Hand Soldering BGA Wafer Chips

And here we’ve been complaining about Flat Pack No-Lead chips when this guy is prototyping with Ball Grid Array in a Wafer-Level Chip Scale Package (WLCSP). Haven’t heard that acronym before? Neither had we. It means you get the silicon wafer without a plastic housing in order to save space in your design. Want to use that on a breadboard. You’re crazy!

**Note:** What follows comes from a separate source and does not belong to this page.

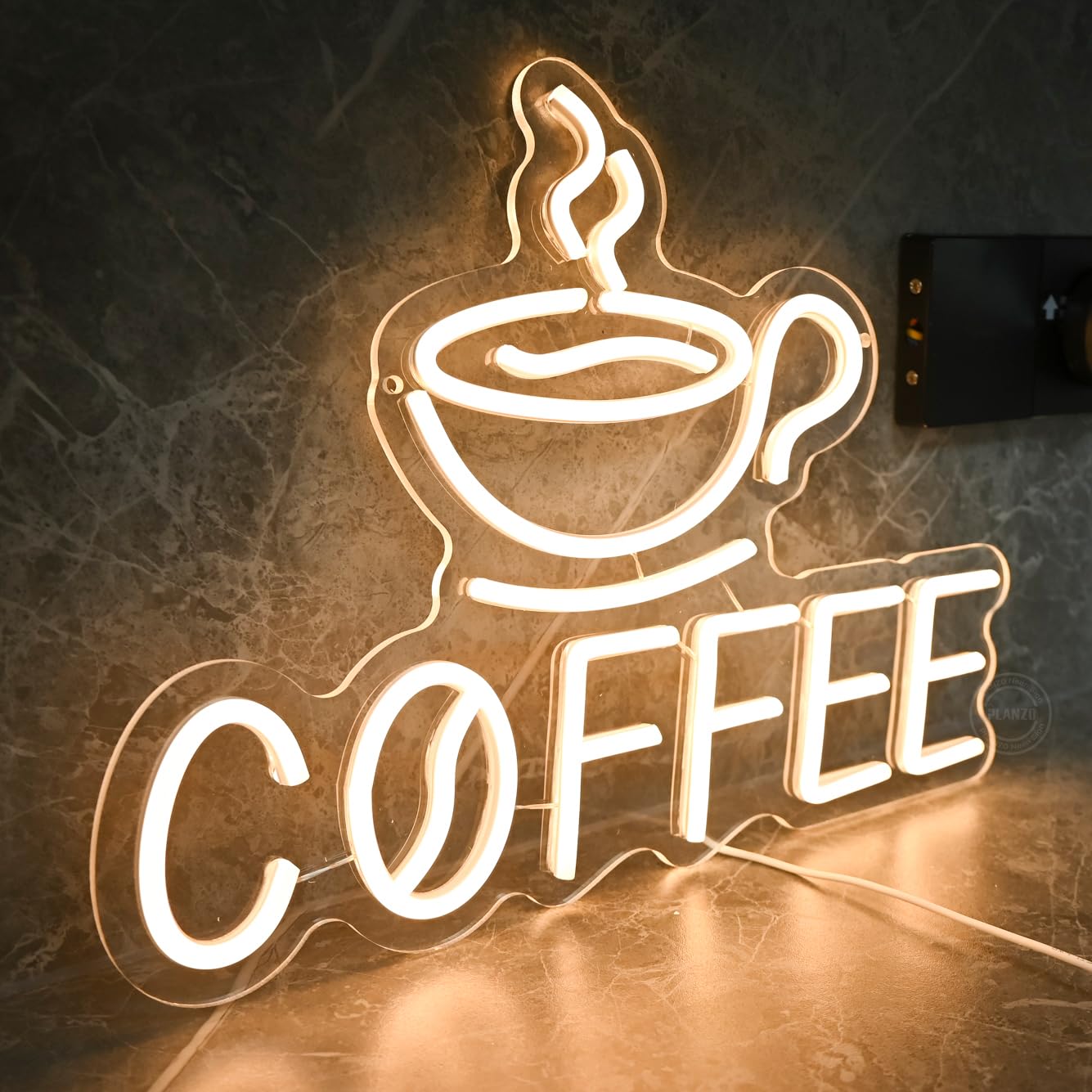 Planzo Coffee Neon Signs Light for Restaurant Coffee Shop Home Cafe Bar Beer Pub Store Ad Window Display Kitchen Bedroom Man Cave Birthday Party Light Up Wall Sign Decor 5V USB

Eh, that’s just a knee jerk reaction. The wafer-level isn’t that unorthodox as far as manufacturing goes. It’s something like chip on board electronics which have that black blob of epoxy sealing them after the connections are made. This image shows those connections which use magnet wire on a DIP breakout board. [Jason] used epoxy to glue the wafer down before grabbing his iron. It took 90 minutes to solder the nine connections, but his second attempt cut that process down to just 20. After a round of testing he used more epoxy to completely encase the chip and wires.

It works for parts with low pin-counts. But add one row/column and you’re talking about making sixteen perfect connections instead of just nine.

22 thoughts on “Hand Soldering BGA Wafer Chips

  1. I guess some people have steadier hands than I do. I would end up with all six wires and the chip encased in a large blob of solder if I tried something like that.

    1. Nah, it’s not that hard as long as you have a microscope, a newish fine tip on your iron and you haven’t consumed large amounts of caffeine in the prior hours.

  2. this kind of assembly would lend itself well to a simple CNC machine, like a soldering iron tip on a gantry made out of CD drive sleds and steppers. If you were doing 16 or 25 pins and up it would be worthwhile.

      1. For my EE thesis in 1985, I had to use a manual wire bonding machine to connect my unpackaged test chip to a PCB. It was quite hard to do even with the aid of a microscope so I’m astounded that someone has attempted soldering. Fantastic!

        1. He hasn’t bonded to the chip, it’s a “flip chip”, a die with the connection points bonded to solder pads on the back.

          It’s basically an extremely small BGA without a plastic package.

  3. I won’t say that it’s easy, but that’s not *so* hard, the technique was demonstrated a few months ago on HaD with another bga hand soldering (a texas instruments optical sensor, IIRC).

    The trick is to heat the magnet wire, not the solder ball. The heat conduction is enough to melt the ball through the wire.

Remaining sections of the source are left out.